Recorded data
::::
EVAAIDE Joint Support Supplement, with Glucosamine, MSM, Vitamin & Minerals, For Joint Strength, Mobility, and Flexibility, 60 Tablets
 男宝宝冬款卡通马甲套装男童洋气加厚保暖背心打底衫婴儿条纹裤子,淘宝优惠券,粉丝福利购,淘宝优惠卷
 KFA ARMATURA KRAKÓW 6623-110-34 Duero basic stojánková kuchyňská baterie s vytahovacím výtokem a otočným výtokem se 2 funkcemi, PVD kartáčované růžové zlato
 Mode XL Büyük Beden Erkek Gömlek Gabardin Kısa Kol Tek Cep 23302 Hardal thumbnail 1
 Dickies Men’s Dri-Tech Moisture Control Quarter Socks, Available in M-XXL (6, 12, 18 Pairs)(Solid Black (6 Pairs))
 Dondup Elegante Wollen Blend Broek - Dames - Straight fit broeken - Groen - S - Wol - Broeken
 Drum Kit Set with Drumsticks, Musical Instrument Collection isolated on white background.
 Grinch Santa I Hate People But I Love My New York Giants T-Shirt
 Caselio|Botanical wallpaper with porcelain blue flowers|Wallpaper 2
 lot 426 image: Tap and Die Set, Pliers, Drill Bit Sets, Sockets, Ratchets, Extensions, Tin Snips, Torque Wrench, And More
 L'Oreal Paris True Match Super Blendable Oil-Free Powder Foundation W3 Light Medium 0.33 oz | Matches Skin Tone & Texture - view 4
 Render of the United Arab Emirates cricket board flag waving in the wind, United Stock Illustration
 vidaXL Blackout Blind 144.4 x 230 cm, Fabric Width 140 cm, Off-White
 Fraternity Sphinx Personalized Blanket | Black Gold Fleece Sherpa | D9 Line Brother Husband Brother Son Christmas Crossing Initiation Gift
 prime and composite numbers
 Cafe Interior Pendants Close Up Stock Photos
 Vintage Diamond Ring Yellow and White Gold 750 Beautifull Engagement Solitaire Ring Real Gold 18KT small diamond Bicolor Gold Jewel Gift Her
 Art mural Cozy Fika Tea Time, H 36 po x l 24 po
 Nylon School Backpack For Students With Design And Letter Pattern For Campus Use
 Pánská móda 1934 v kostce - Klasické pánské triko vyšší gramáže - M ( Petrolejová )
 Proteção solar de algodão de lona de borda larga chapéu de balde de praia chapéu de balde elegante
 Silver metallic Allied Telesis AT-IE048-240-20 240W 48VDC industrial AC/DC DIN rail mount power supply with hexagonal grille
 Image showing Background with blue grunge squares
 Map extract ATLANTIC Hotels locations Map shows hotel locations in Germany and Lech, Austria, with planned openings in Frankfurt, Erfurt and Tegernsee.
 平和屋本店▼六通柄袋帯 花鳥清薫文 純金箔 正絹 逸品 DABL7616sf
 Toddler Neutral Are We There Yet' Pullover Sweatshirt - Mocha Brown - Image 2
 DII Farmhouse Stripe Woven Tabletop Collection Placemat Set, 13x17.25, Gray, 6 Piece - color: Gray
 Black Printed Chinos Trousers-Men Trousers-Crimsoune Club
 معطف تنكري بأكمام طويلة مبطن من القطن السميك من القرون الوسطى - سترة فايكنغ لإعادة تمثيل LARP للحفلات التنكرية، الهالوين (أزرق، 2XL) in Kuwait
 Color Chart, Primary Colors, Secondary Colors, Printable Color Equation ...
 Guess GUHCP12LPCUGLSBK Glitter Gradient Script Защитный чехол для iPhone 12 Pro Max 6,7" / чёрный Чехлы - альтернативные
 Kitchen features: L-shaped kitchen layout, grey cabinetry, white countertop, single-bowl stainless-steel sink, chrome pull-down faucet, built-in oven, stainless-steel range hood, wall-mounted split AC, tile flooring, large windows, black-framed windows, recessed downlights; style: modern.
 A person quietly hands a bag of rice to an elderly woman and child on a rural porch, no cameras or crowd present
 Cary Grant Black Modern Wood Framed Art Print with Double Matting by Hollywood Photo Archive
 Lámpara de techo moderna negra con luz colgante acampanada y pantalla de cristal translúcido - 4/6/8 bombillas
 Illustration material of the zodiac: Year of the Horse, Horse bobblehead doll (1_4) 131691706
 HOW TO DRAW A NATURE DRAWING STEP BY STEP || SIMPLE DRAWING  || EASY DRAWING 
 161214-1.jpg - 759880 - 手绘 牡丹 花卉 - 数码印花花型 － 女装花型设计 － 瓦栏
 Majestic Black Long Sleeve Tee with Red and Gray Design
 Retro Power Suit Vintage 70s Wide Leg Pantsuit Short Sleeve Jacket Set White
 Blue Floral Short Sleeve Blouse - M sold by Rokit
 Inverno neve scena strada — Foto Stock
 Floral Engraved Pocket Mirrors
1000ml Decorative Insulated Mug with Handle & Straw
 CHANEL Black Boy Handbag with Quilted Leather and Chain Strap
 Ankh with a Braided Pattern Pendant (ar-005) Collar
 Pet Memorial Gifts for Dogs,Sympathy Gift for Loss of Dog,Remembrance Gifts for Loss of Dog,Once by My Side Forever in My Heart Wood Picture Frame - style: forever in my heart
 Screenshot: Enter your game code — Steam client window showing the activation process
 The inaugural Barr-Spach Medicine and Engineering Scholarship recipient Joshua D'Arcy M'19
::::
## What you have to do
Above are records; repeat only the lines starting at the line with "vidaXL Blackout Blind" and ending at the line with "Image showing Background", exactly as they appear, both included.

## Task answer
 vidaXL Blackout Blind 144.4 x 230 cm, Fabric Width 140 cm, Off-White
 Fraternity Sphinx Personalized Blanket | Black Gold Fleece Sherpa | D9 Line Brother Husband Brother Son Christmas Crossing Initiation Gift
 prime and composite numbers
 Cafe Interior Pendants Close Up Stock Photos
 Vintage Diamond Ring Yellow and White Gold 750 Beautifull Engagement Solitaire Ring Real Gold 18KT small diamond Bicolor Gold Jewel Gift Her
 Art mural Cozy Fika Tea Time, H 36 po x l 24 po
 Nylon School Backpack For Students With Design And Letter Pattern For Campus Use
 Pánská móda 1934 v kostce - Klasické pánské triko vyšší gramáže - M ( Petrolejová )
 Proteção solar de algodão de lona de borda larga chapéu de balde de praia chapéu de balde elegante
 Silver metallic Allied Telesis AT-IE048-240-20 240W 48VDC industrial AC/DC DIN rail mount power supply with hexagonal grille
 Image showing Background with blue grunge squares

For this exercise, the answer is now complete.